I received an advance review copy of The Gilded Cage from Netgalley in exchange for an honest review. My sincere thanks to Netgalley and Vic James for one of the best reads I have had all year.
This is my attempt at making this review as spoiler free as possible, please bear with me during this brave endeavor.
Okay… *deep breath* So, when I read the synopsis, my expectation of the book was completely skewed. Because the romance was the plot mentioned first and then the revolutionary and then the ambiguous wild-card character, I automatically assumed that this would be the hierarchy for the amount of time spent on each character in relation to the plot and, subsequently, that it would be a clear indication of each of their significance. Add on the fact that the prologue tainted my perception from the beginning, and bam - I went through the first portion of the book expecting things that weren’t going to happen.
Well, color me pink with pleasure! Shame on me for going into a story with presumptions. There’s romance, but it’s not the main artery in this network of plots - so it’s a bonus, not the focus. There’s revolution, but it’s so nuanced and ubiquitous that your blood thrums along with the growing dissention. And then, of course, there’s Mr. I-could-be-destruction-or-salvation-but-who-knows that throws ALL OF YOUR THOUGHTS INTO DISARRAY. *heavy breathing*
I am so freaking happy with this book. I am ecstatic that I got to read it before it was released because I know I want a physical copy in my personal library so I can re-read and annotate it. Every few chapters brought to light new information that slightly altered the reader’s scope. The concepts introduced took on a broader, and more heady, tone as I digested the author’s words. Each storyline was a slow, slow burn that got me to feel for the characters and their circumstance before engulfing everything in flames. While I didn’t particularly like a few of the characters, I understood each of them and I fully appreciate the author’s dedication to character growth and three-dimensionality. It made for a compelling and wretched story of privilege, inequality and strife.
Most of my favorite books took me less than a day to finish, but this one took me a little over a month. Why? This actually correlates with some of the points I made above. The author packed so much information into the each part of the story. The setting, the people, the world… It was… a bit too much at times, for me. The story is set in England (a place I’m not familiar with) with modern details (I was constantly trying to pinpoint an exact time) and there wasn’t any clear divide on who was ‘good’ or ‘evil’ (which drove me absolutely crazy). Throw in the common excuses of work and daily chores, and you have a recipe for delayed literary completion.

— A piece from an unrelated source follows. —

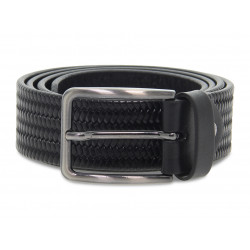 Ceinture Guidi Calzature INTRECCIATO FINE MADE IN ITALY H35 en cuir noir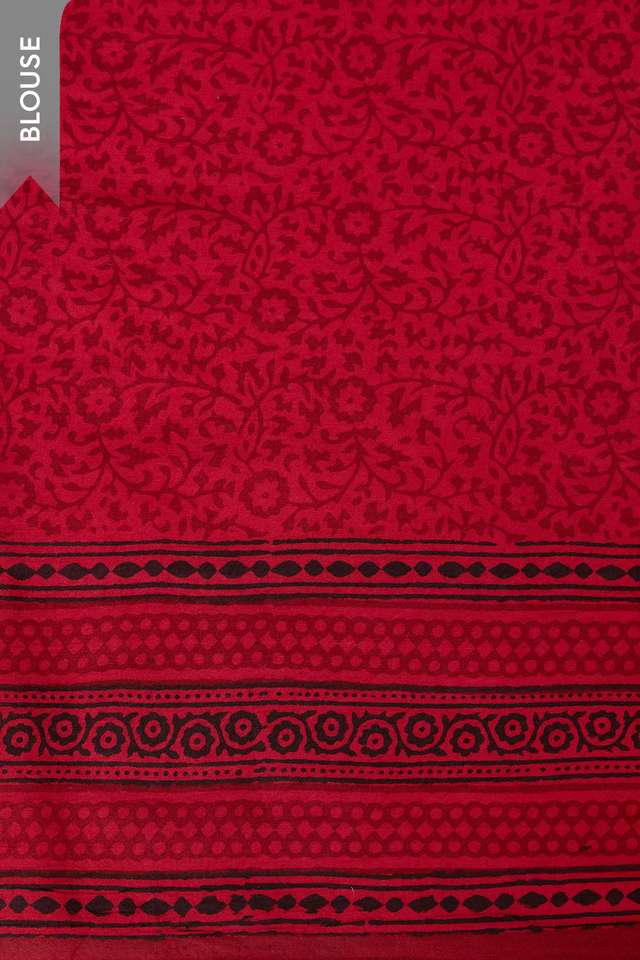 Red Bagh Block Printed Pure Cotton Saree thumbnail image number null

Is the book perfect? No. Does that matter? No. BECAUSE IT’S NEW, REFRESHING, UNRUSHED, AND DIVINE. I absolutely love social hierarchy drama. I can’t wait to see where this is all going. Will it be a happily ever after? Will it be just death and destruction? Can a world change at the hands of the oppressed or must it be destroyed before it can be reborn again? I don’t know and I don’t think any of the characters know either but I will follow them every freaking step of the way.
Also, side note, I love Silyen. Please give me more Silyen, forever and ever. Vic James, if you’re reading this, please know - he is the most interesting megalomaniac I’ve ever had the pleasure of reading and no matter where his life takes me, I don’t believe I will be disappointed with its direction.